Pero la ley Wert no está hecha pensando en las personas. No tiene en cuenta el profesorado, al que trata como mero ejecutor de un designio superior, lo que representa una instrumentalización condenada a generar una insatisfacción de dimensiones gigantescas. En cuanto a los alumnos, es del todo ajena al hecho de que son personas dentro de una estructura social concreta e íntegra, y que cada uno es importante y único como individuo, como aprendiz y como ciudadano. Por ello concibe a los alumnos como átomos obligados a interactuar con el Estado y a rendirle cuentas, simples partículas individuales sólo dignas de consideración en la medida que encajen en un sistema rígido de trayectorias académicas y alcancen el rendimiento decretado en términos exclusivamente numéricos al menor coste per capita posible.
El legislador debería saber a estas alturas que cualquier estrategia con proyección de futuro debe partir de la base de que la superación de las disfunciones educativas depende sobre todo de la capacidad emprendedora local propia de cada centro educativo, de la aplicación autónoma y comprometida del conocimiento individual y colectivo y el uso flexible y discrecional de los recursos. Avanzar de verdad requiere que los centros educativos empleen sus mejores esfuerzos a aumentar el rendimiento académico y la eficacia de la atención al alumnado, dando respuestas personalizadas y flexibles en un contexto de equidad, acompañados en su caso por las administraciones más cercanas. Esta tarea sólo la pueden hacer profesionales comprometidos que trabajan en equipo en el marco de unos centros educativos autónomos, bien liderados y arraigados en la comunidad, la cultura y el territorio, que tienen en sus manos el control de sus asuntos.

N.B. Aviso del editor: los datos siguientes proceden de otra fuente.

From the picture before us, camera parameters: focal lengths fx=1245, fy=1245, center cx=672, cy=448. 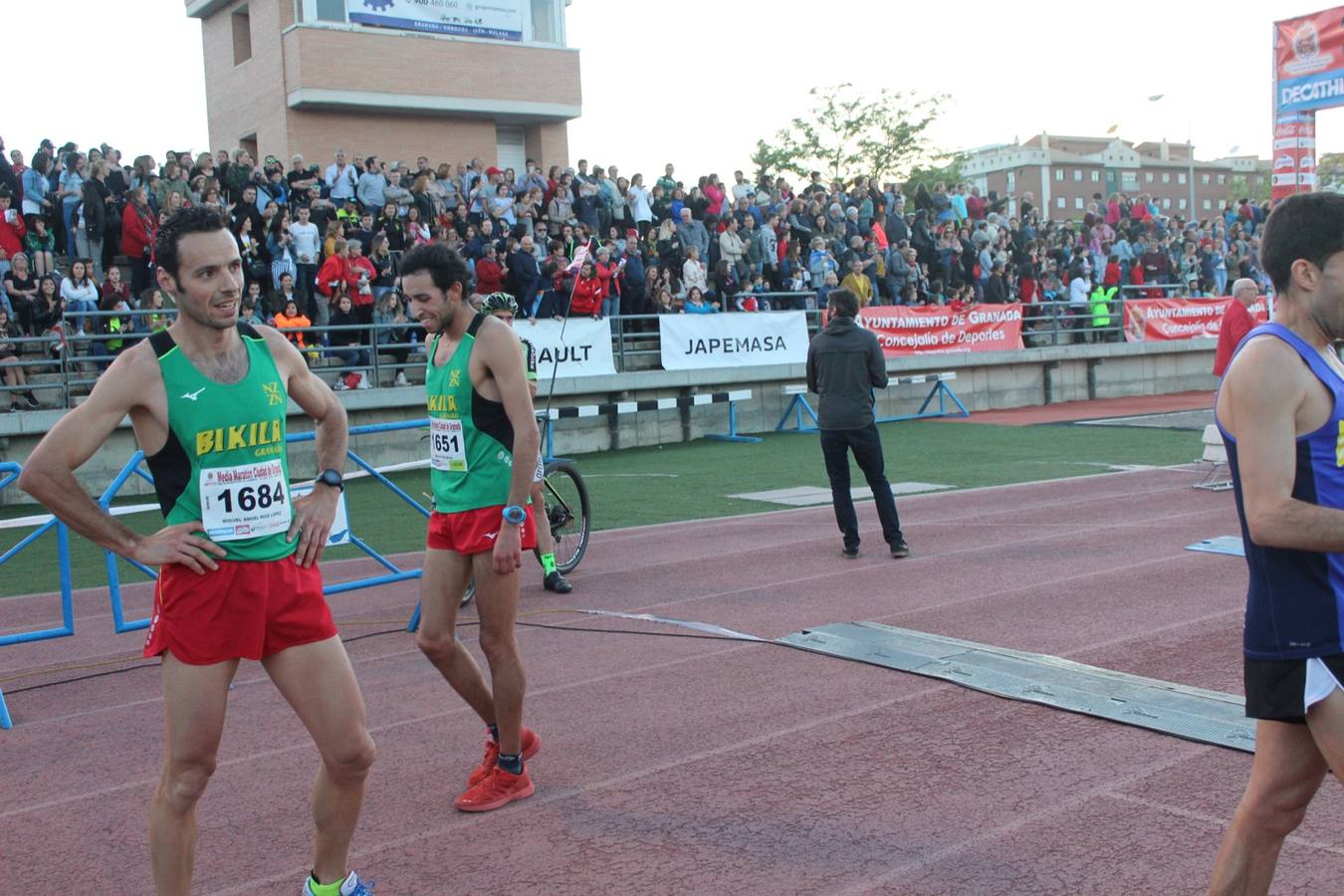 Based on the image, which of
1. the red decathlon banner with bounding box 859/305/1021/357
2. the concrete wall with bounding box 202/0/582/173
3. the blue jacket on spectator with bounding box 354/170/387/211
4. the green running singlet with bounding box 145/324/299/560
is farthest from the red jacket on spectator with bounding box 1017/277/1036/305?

La ley fast-food que se nos impone fomenta el asentimiento y la pasividad mucho más que la diligencia, el compromiso y la voluntad de tomar el timón y modelar el futuro. Y mientras se necesitan años para implantar la ley, hacer efectivas las medidas previstas, comprobar que no funciona y disimular el fracaso, la burocracia uniformista y centralista arraigada en visiones, intereses y sensibilidades más propias del siglo XIX que del XXI habrá vuelto a conseguir su objetivo real y prioritario, que no es otro que acaparar poder y perpetuarse a sí misma.